Barandillas y cristales rotos o maderas desgastadas: Zaragoza hará reforma de cinco de sus puentes

En total el Ayuntamiento de Zaragoza invertirá más de 7 millones de euros en los trabajos

Barandillas corroídas, cristales rotos, pavimentos de madera deteriorados y superficies metálicas sin protección. El Ayuntamiento de Zaragoza ha puesto en marcha un plan de actuación sin precedentes para renovar cinco de las infraestructuras más icónicas de la ciudad, un paquete de reformas que pretende atajar patologías que, en algunos casos, se arrastran desde hace años.

El denominado Plan de Puentes servirá para actuar sobre el puente de la carretera de Cogullada, las pasarelas del Voluntariado y de la desembocadura del Huerva, y los históricos puentes de Hierro y de Piedra. Por ahora, se llevará a cabo una primera fase técnica en la que drones, medios acuáticos y ensayos especializados permitirán radiografiar al detalle el estado de cada estructura para después acometer las obras que sean necesarias.

A la espera de que estos proyectos estén listos en unos cuatro meses, el consistorio zaragozano ya maneja estimaciones económicas para las futuras obras. En total serán cuatro millones de euros para el puente de Cogullada, 1,5 millones para la Pasarela del Voluntariado y el puente de la desembocadura del Huerva, 750.000 euros para la reforma del puente de Hierro y otros 750.000 euros para el puente de Piedra.

VOLUNTARIADO Y HUERVA: CRISTALES ROTOS Y MADERA AL LÍMITE

La Pasarela del Voluntariado, una de las más jóvenes de la ciudad, acumula incidencias desde 2008. Los informes señalan rotura de cristales en los parapetos laterales, corrosión en barandillas y pérdida de espesor del pavimento.
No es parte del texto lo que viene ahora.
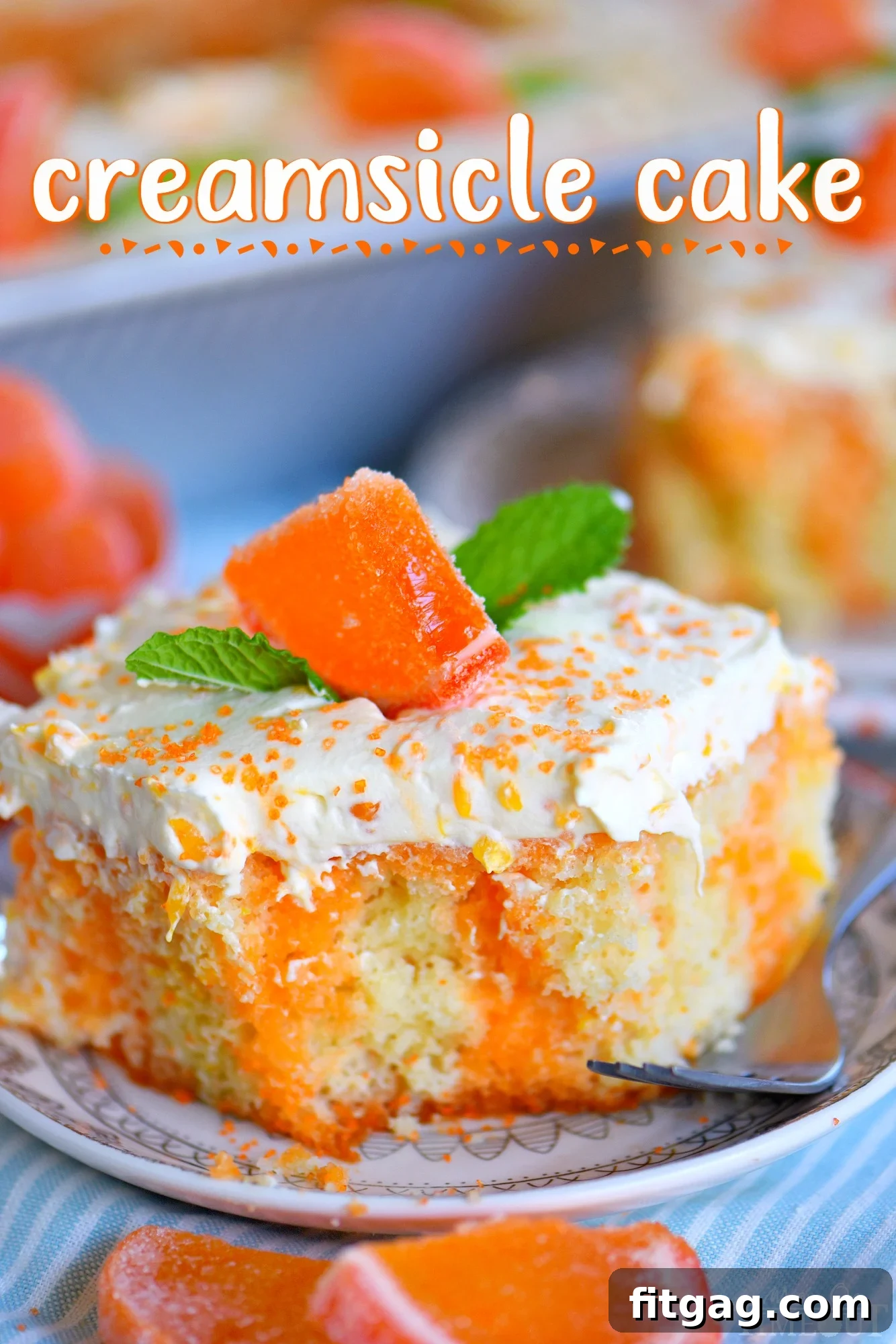 This easy Orange Creamsicle Poke Cake is a wonderful addition to all your summer parties! A lovely vanilla cake that is bursting with orange flavor and topped with a fluffy orange and vanilla frosting that no one will be able to resist! // Mom On Timeout #orange #creamsicle #cake #vanilla #dessert #desserts #cake #baking #summer A vibrant slice of Orange Creamsicle Poke Cake garnished with fresh mint leaves, served on a small white plate with a fork, highlighting its moist texture and dual-layer frosting.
Además, se revisarán los tirantes, el mástil y el amortiguador central, claves para su estabilidad.

En el caso del puente de la desembocadura del Huerva, la intervención se centrará en el deterioro del pavimento de madera, que incluso podría sustituirse por otro material, y en la búsqueda de un cerramiento menos susceptible al vandalismo. También se evaluará la accesibilidad de la rampa de desembarque.
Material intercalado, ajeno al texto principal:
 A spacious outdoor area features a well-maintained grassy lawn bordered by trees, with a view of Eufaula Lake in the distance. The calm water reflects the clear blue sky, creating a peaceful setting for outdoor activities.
PUENTE DE HIERRO Y PIEDRA, LOS MÁS EMBLEMÁTICOS

El Puente de Hierro, por su parte, presenta un desgaste visible. Así, algunos de sus problemas más acusados son el deterioro del tratamiento protector de la pintura azul, barandillas rotas y otros deterioros que requieren inspección específica. El proyecto incluirá además una propuesta para mejorar su iluminación ornamental, con cálculos luminotécnicos y criterios de eficiencia energética.

La actuación en el Puente de Piedra será especialmente delicada, al tratarse de un Bien de Interés Cultural (BIC). La inspección se centrará en el desgaste de la sillería, grietas, fisuras y la vegetación que coloniza las pilas. También se cartografiarán los nidos de vencejos para garantizar su preservación durante las obras. El proyecto incorporará además un estudio de movilidad y una mejora de la iluminación ornamental.
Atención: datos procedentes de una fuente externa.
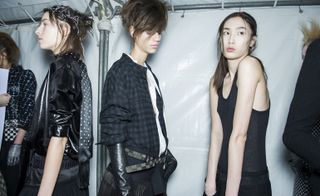 Three female models, one wearing a shiny black jacket with a black scarf with white polka dots, one in a blue plaid shirt and one in a black vest and black trousers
LA REFORMA MÁS COSTOSA SERÁ LA DEL PUENTE DE COGULLADA

Por último, la intervención más cuantiosa será la del puente de la carretera de Cogullada sobre el ferrocarril. Allí los técnicos revisarán descorchones, corrosión de armaduras, impermeabilidad del tablero y estado de las bovedillas. La obra incluirá la renovación del asfaltado de 400 metros, nuevas juntas y espacio reservado para una nueva tubería de abastecimiento de agua.